2008-07-16 Thread Steven Sacks

Ashim D'Silva wrote:

Flash is not a toy. You can't pick it up, with no prior knowledge, and
expect to have a app 2 hours later.

---

This is where we part ways.  Flash used to be a toy, and, up until Flash 8, it 
still could be.  Now, with AS3, Flash has ceased to be a child's toy and is now 
only a toy for adults.  Child, in this sense, means non-programmer who is more 
comfortable with design and timeline animation, and adult meaning seasoned 
programmer.

The notion that Flash is not (or was ever) meant to be easy enough to just pick up and make something really quick is diametrically opposed to reality.  The reason you see so much BAD Flash is because it was SO EASY to use for even non programmers.  


It's the same with all the bad HTML.  It's like saying that AJAX means that the web 
browser is no longer a toy.  The difference here is that browsers still accept 
noob HTML coding standards (according to people who are AJAX/CSS experts), 
but Actionscript 3 gives you zero latitude.
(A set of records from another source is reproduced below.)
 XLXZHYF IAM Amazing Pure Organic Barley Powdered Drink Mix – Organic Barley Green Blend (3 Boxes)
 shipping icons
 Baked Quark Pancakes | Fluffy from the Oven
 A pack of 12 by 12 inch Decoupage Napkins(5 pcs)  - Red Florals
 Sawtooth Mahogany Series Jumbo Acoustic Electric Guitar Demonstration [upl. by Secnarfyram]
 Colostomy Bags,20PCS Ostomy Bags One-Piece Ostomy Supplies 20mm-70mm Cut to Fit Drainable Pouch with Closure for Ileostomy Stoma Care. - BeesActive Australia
Flash is, at its _root, a vector animation tool with a scripting language tacked on.  To say that a vector animation tool is not a toy is pretty far off the mark.  
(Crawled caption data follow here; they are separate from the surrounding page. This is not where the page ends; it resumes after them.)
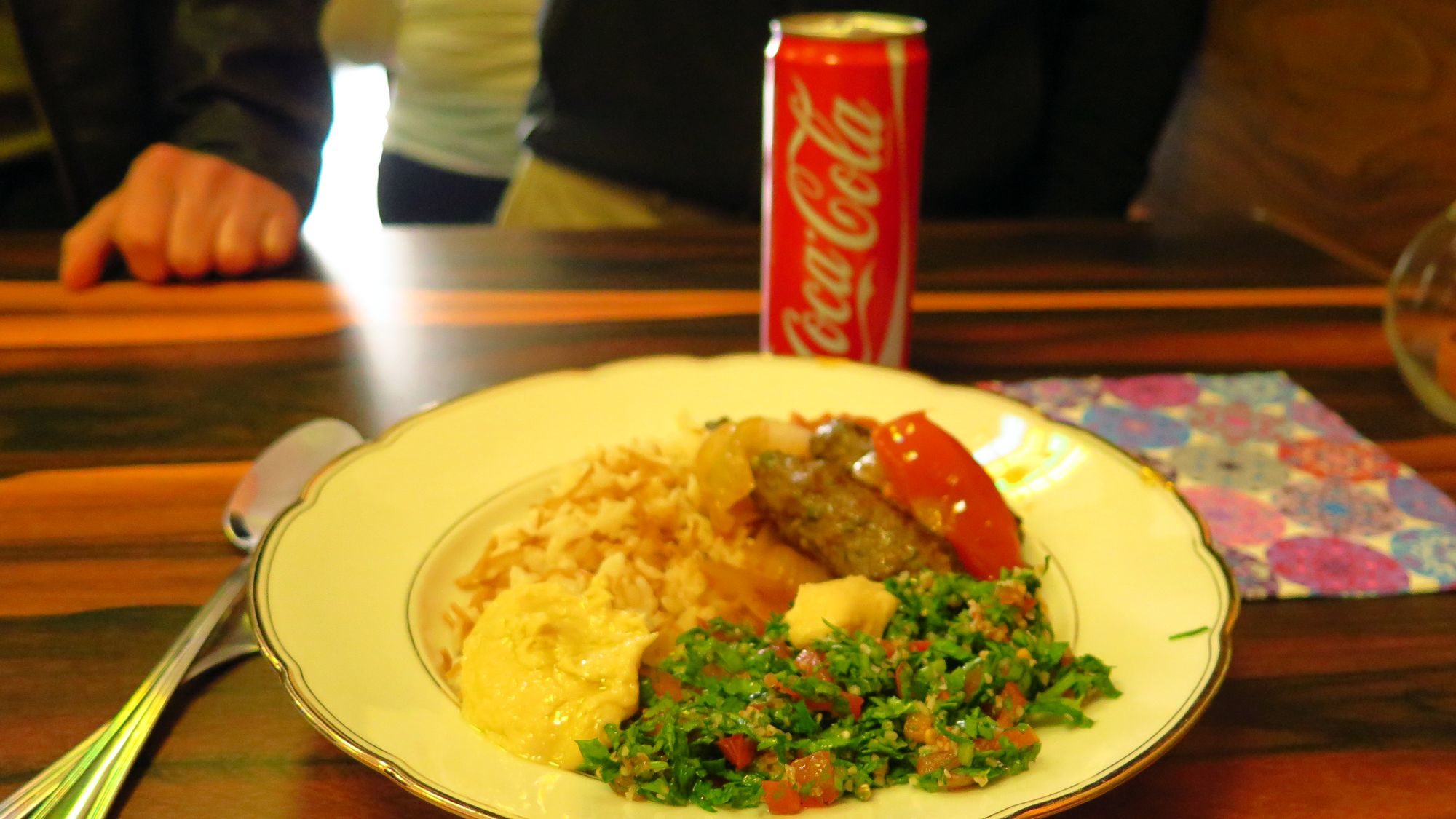 Kafta-Menü mit Taboulé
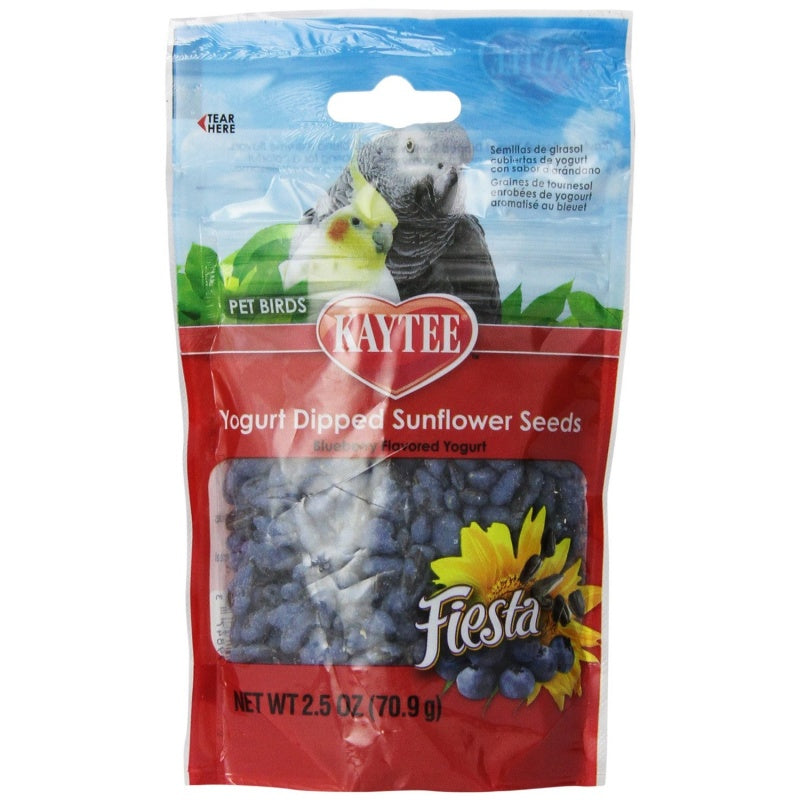 Kaytee Fiesta Yogurt Dipped Sunflower Seeds Blueberry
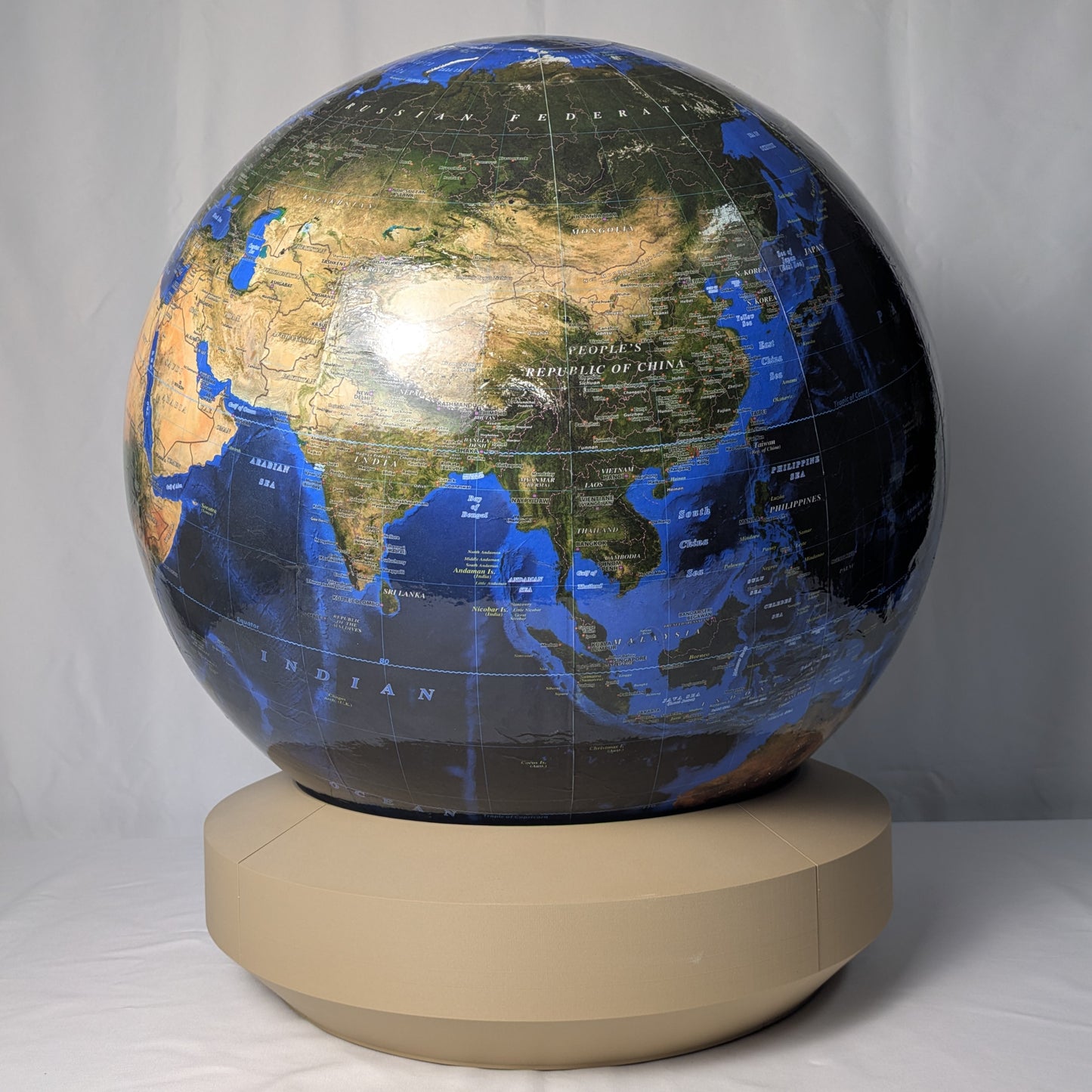 50cm Satellite World Globe - Summer Edition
Actionscript 3 takes Flash away from the realm of the artist and into the realm 
of the programmer.  It makes simple things harder (regardless if it's better, 
it's still harder for non-coders) and is thus much less appealing to its 
original core audience, and a VAST MAJORITY of the people who use it.

Sorry, but good Flash coders are hard to find.  You just think otherwise 
because you run in these circles.  For every person participating in online 
Flash development communities, there are thousands who aren't.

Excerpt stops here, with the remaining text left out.